TASK TO CARRY OUT:
Output every record again so that it matches the original word for word.

[Start of section]

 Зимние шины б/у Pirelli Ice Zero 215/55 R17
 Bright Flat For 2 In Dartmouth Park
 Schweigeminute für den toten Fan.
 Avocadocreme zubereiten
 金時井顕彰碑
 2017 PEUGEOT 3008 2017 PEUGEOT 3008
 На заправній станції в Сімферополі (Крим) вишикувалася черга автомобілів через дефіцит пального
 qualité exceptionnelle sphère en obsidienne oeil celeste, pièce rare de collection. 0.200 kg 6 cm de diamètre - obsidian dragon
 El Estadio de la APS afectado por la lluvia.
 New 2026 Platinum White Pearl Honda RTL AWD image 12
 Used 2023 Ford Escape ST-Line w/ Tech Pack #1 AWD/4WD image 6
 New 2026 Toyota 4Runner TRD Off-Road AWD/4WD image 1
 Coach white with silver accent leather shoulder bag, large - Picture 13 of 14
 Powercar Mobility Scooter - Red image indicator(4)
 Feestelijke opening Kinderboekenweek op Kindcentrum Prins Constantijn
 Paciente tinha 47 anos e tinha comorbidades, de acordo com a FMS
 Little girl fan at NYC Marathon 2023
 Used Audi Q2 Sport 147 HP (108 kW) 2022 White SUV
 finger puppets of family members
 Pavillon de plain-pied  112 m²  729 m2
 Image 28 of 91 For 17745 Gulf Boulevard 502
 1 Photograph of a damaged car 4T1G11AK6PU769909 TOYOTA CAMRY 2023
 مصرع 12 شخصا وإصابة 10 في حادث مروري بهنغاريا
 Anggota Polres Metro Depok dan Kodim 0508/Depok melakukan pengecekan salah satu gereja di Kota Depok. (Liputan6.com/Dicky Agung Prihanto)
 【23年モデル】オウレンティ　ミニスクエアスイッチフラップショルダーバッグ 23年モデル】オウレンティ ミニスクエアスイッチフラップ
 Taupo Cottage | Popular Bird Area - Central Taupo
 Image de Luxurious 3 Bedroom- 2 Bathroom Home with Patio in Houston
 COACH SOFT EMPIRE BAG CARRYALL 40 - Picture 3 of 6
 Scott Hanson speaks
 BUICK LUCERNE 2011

[End of section]

EXERCISE RESULT:
 Зимние шины б/у Pirelli Ice Zero 215/55 R17
 Bright Flat For 2 In Dartmouth Park
 Schweigeminute für den toten Fan.
 Avocadocreme zubereiten
 金時井顕彰碑
 2017 PEUGEOT 3008 2017 PEUGEOT 3008
 На заправній станції в Сімферополі (Крим) вишикувалася черга автомобілів через дефіцит пального
 qualité exceptionnelle sphère en obsidienne oeil celeste, pièce rare de collection. 0.200 kg 6 cm de diamètre - obsidian dragon
 El Estadio de la APS afectado por la lluvia.
 New 2026 Platinum White Pearl Honda RTL AWD image 12
 Used 2023 Ford Escape ST-Line w/ Tech Pack #1 AWD/4WD image 6
 New 2026 Toyota 4Runner TRD Off-Road AWD/4WD image 1
 Coach white with silver accent leather shoulder bag, large - Picture 13 of 14
 Powercar Mobility Scooter - Red image indicator(4)
 Feestelijke opening Kinderboekenweek op Kindcentrum Prins Constantijn
 Paciente tinha 47 anos e tinha comorbidades, de acordo com a FMS
 Little girl fan at NYC Marathon 2023
 Used Audi Q2 Sport 147 HP (108 kW) 2022 White SUV
 finger puppets of family members
 Pavillon de plain-pied  112 m²  729 m2
 Image 28 of 91 For 17745 Gulf Boulevard 502
 1 Photograph of a damaged car 4T1G11AK6PU769909 TOYOTA CAMRY 2023
 مصرع 12 شخصا وإصابة 10 في حادث مروري بهنغاريا
 Anggota Polres Metro Depok dan Kodim 0508/Depok melakukan pengecekan salah satu gereja di Kota Depok. (Liputan6.com/Dicky Agung Prihanto)
 【23年モデル】オウレンティ　ミニスクエアスイッチフラップショルダーバッグ 23年モデル】オウレンティ ミニスクエアスイッチフラップ
 Taupo Cottage | Popular Bird Area - Central Taupo
 Image de Luxurious 3 Bedroom- 2 Bathroom Home with Patio in Houston
 COACH SOFT EMPIRE BAG CARRYALL 40 - Picture 3 of 6
 Scott Hanson speaks
 BUICK LUCERNE 2011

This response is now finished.